One of my all-time favorite posts of Nathan Bransford’s is the one he wrote in March, 2009 called Ten Commandments for the Happy Writer.
Right now, I’m a pretty happy writer. I try hard to live by those commandments on Nathan’s list.
But maybe you don’t want to be a happy writer. Maybe you want to be the most miserable writer you can possibly be. Well, here are my ten commandments to help you be just that. It only seems fair that we give others a fighting chance to be successful at the kind of writer they want to be, right? I can understand that being a happy writer certainly isn’t for everyone. So if misery is your goal, here you go:
1. No time for play. When you aren’t doing something writing-related, kick yourself. You are a writer and thus there is no time for anything fun in your life, ever. Even if you turn on the TV to watch FRIDAY NIGHT LIGHTS, the best show evah, you must feel guilty about it. Same goes for going to the movies or a concert or a play or out to dance. Understand this - there is no room for fun. None.
2. Send and wait. After your queries are sent out, you should sit at your computer 24/7, waiting for replies. There is nothing more important than being there when the first “No thanks” hits your inbox. No eating, no sleeping, nothing. Just sit and wait. And wait. And wait some more. When you think you may die from all the waiting, you STILL must wait, because unfortunately, death doesn’t come that easily.
3. Ignore your non-writing friends. They don’t understand what it’s like, so to hell with them. If they call and want to take you out for coffee and cupcakes because it’ll do you good to get out, just say no! Cupcakes are evil. And friends who don’t write? Of course they should be fed to the zombies and vampires we live with day in and day out.
4. Read author blogs, get jealous, and weep. Peruse other blogs and read about other writers’ sales and curse the world that it's not you. Because, you know, you could buy a new pen if you actually sold a book. Maybe even TWO! You’ve been wanting a new pen, right? A shiny, sparkly one that writes letters in the most spectacular way! You want one. And it’s not fair because that other writer can buy one now, and you can’t. No fair!!
5. Get pissed and blog about it. Rejection after rejection after rejection and it’s not enough to cry and scream into your pillow at night. Oh no, you should put it on the web for all to see and let others feel your pain. You can even get specific – give names of those terrible people who had the nerve to reject you. Misery loves company, right? Oh yes it does. Loves it so much you’ll be talked about behind your back for months. So yeah, go on, talk up that misery!
6. Read about writing, but don’t write. Buy books about writing. Go to conferences about writing. Read blogs about writing. And all the while, dream about your book on the shelf with your name on it.
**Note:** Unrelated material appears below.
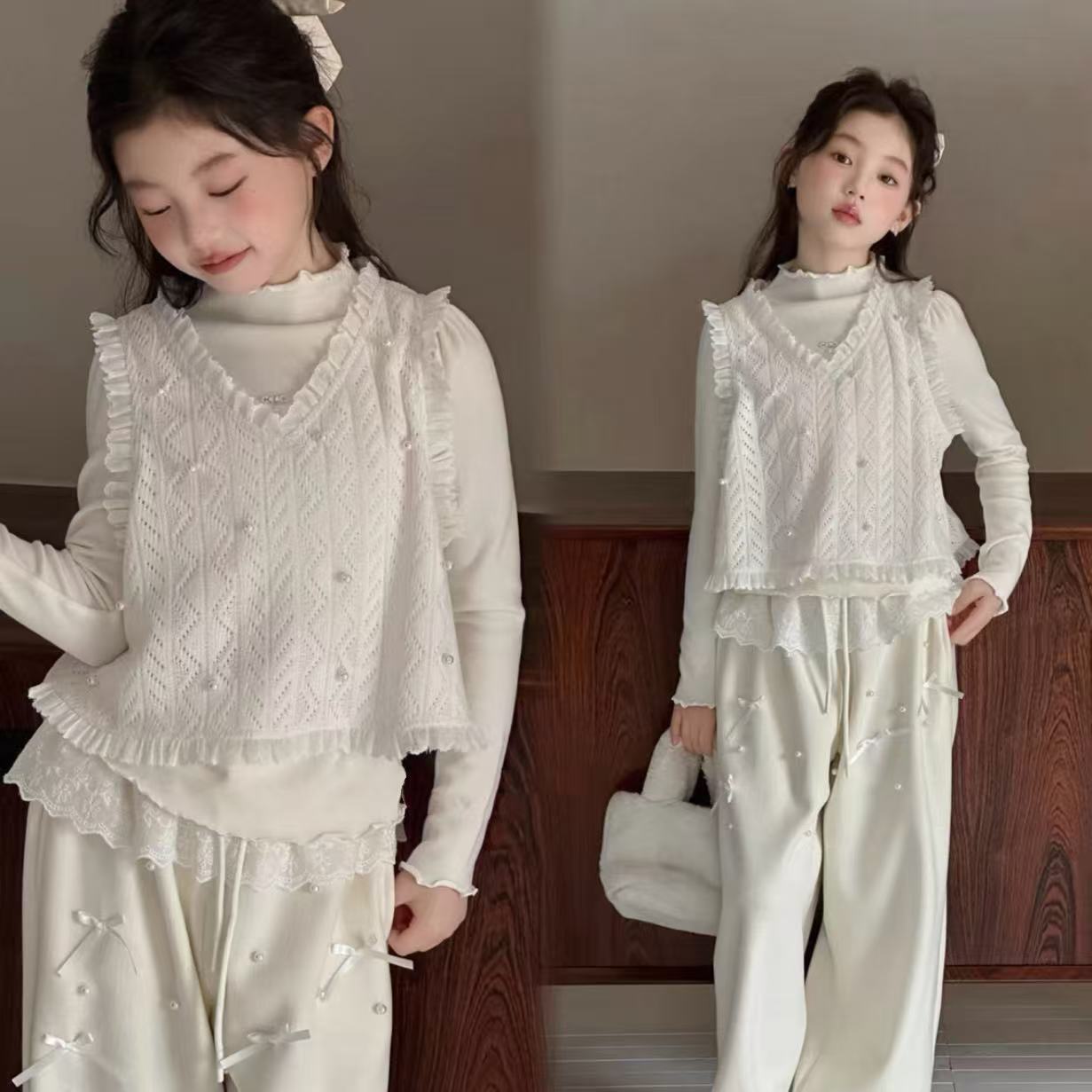 【好美哦】女童高品质磨毛蕾丝两件套装长袖Z26195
Take it all in, but don’t you dare do the hard work to do the writing. Oh no, because real writing is for people who have the time to do the work. And you just don’t have the time. Someday you’ll get to it…
7. Don’t get feedback on your work. Nope, feedback from critique partners will just ruin it. No one will understand your book and be able to offer good feedback, so you’re just better at going it alone. Fifty rejections later, there’s NOTHING wrong with your book, those agents are ALL wrong, every last one of them. Keep submitting that 130,000 word middle-grade novel that will surely get you published like HARRY POTTER got J.K. Rowling published. Because you know everything, right?
8. Query on the same book forever. Don’t write another one. No, do NOT write another one. Just keep collecting the no’s on that one you wrote eight years ago that came sort of close one time, but since has collected 287 rejections.
9. Take rejections personally. Let them eat at your heart and soul. Your writing sucks so that must mean you suck as a human being. Go to bed and stay there. At least until you’re ready to query again and then, only send one when you’re ready and willing to take one in the heart again.
10. Believe the negative talk. Last but certainly not least, your ego loves to tell you how crappy you are and that you’ll never amount to anything and you couldn’t write a decent sentence if your eighth grade teacher came back from the dead to help you. Your ego is designed to protect your poor, helpless self, and doesn’t care one bit about your dreams and whether or not they come true, so listen to the ego and believe it. And then, THEN, write with that ugly voice in your head. I’m pretty sure that’s about as miserable as it gets.
Anything I’ve forgotten? Please, enlighten us. The miserable writers can never get enough misery, that’s for sure!